Migrate from RAID5 to RAID6

Robertomcat · June 23, 2020, 1:43pm

I really have no other solution than to run a raid 6, in the future I don’t have to incorporate any more disks, because the ML doesn’t have any more bays, it would be a configuration to leave it for “years”.

You are commenting many things about the zfs, but I don’t have any idea about that file system, I am using a Windows Server 2016, and the file system is going to be the veteran ntfs for the whole raid 6 block. The server is operating since 2018 with a raid 5, and the system has worked correctly without any problem, even having to rebuild a disk that I thought was broken, and I took it out and incorporated it again without any problem.

The truth is that I am sorry to destroy the Raid 5, but well, you always have to make changes for the better. Greetings!

BrightSilence · June 23, 2020, 2:07pm

It’s not 20-30%. RAID5/6 have to go through a read+write cycle on every write. In some cases an 8-disk array in RAID6 would barely be 1.5-2x the write performance of a single disk. It’s definitely nowhere near 6x. With ZFS writing everything twice (first to ZIL, then to array), you have to cut it at least in half for sustained writes.

You’re right about this one, I was mislead by oversimplified images that show HDD’s as parity HDD’s, but parity is actually spread across disks, like with RAID5/6.

Yeah, the zfs stuff is not relevant for your setup. You can safely ignore it. It’ll be a bit of a chore to make the transition, but I absolutely believe it will be worth it to keep this thing running for a long time to come.
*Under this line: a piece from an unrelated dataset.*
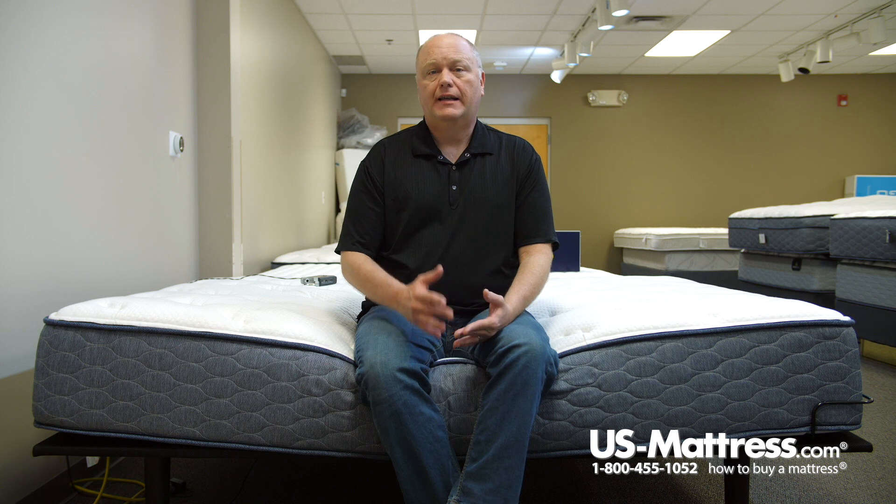Overall, I like this mattress. There's nothing bad I can say about it. Good edge support, no pressure anywhere on my body. I like the feel, but again, that's a personal choice. For my body type, I had absolutely no pressure points and felt like I was getting great support, so I would recommend this mattress if you are my body type and you like a little bit softer mattress.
SGC · June 23, 2020, 7:09pm

@Robertomcat
yeah if there is one thing we can agree on then it is that raid 5 is a disaster waiting to happen… might not happen for a long long time… but it’s a inherent flaw in the technology

@BrightSilence
did a write test to my pool gives me an avg of 814MiB/s which is about what i would expect out of 6 drives…i ofc have a dedicated zil…zero intent log aka slog /seperate log
but that only takes sync writes currently…

ofc this doesn’t isn’t representative of random read writes…
which i will try to test…not sure how to do that in linux terminal tho

Robertomcat · June 23, 2020, 7:17pm

Well, I’m going to give you some news that will surprise you (for bad, of course), in the end I’m going to keep the raid 5.

To do either of the two options for a raid 6, I will lose the node if or if.

If I do the cloud backup, I have spent at least four days uploading files, with a total of more than 1.4 million, the upload of this kind of files is very slow, and I have done the download test of these same files, and it is just as slow, they are very small files and they need a lot of network resources.

Then I have done a copy and paste test, from raid 5 to a raid 0 of 2 SSD, and the transfer rate has been very low too. So in both cases I need a lot of hours, at least two or three days, and in that time I will be disqualified.

So, I’m going to leave Raid 5 forever and ever.

SGC · June 23, 2020, 7:21pm

how is your node doing now that the test data has resumed? with my rather crazy setup i just went from like 0 iowait to clost to a 10% avg… which is a bit high… but also doing a lot of work it seems
raid5 on a 8 drive 70gb array is a mistake… but your lesson to learn i guess.
raid5 won’t fail today or tomorrow… but it will one day most likely…

BrightSilence · June 23, 2020, 7:25pm

Disqualification for downtime is still disabled. Honestly, if you wait now you may not ever get the chance to make this move again. I’d grab this chance if I were you. A few days downtime will barely impact your node right now. It’s up to you of course. But I’d say it’s a golden opportunity.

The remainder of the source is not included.